An exact copy is needed of the lines from the one that contains "Dejavu Yemek Odası Takımı" through the final line of the data below, with pictures left out.

Brief descriptive captions:
[Start of Attachment]
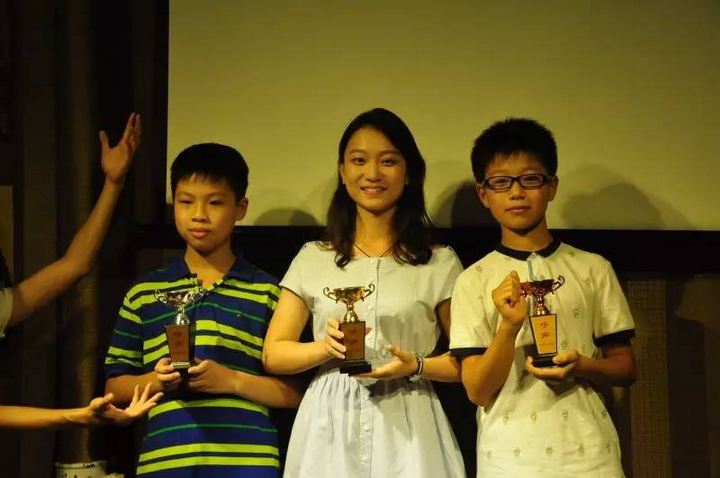 BOB�������޹�˾��(�й�)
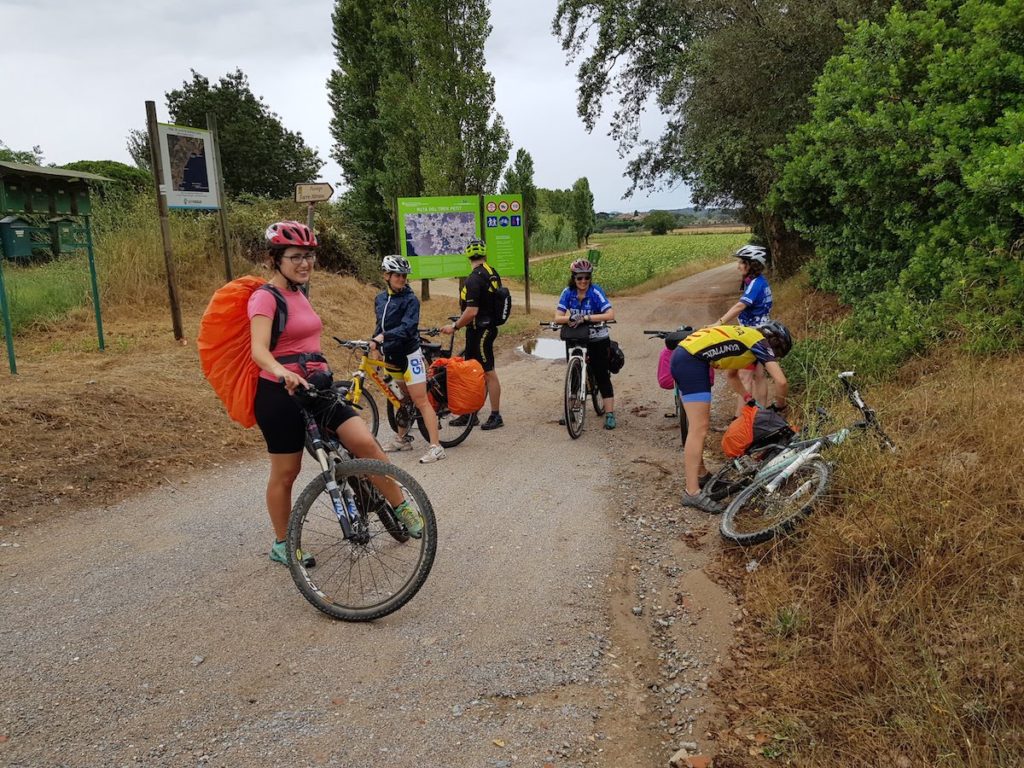 pirinexus-en-bicicleta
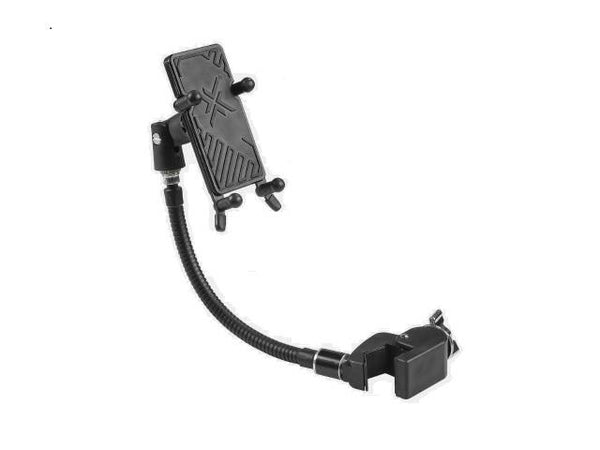 Gibraltar Smart Phone Holder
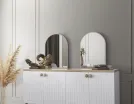 Dejavu Yemek Odası Takımı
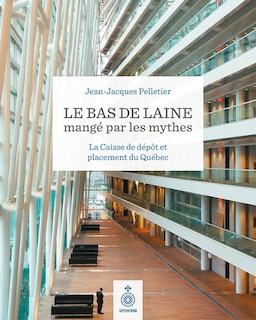 Couverture_LE Bas de laine mangé par les mythes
[End of Attachment]
### Problem solution
 Dejavu Yemek Odası Takımı
 Couverture_LE Bas de laine mangé par les mythes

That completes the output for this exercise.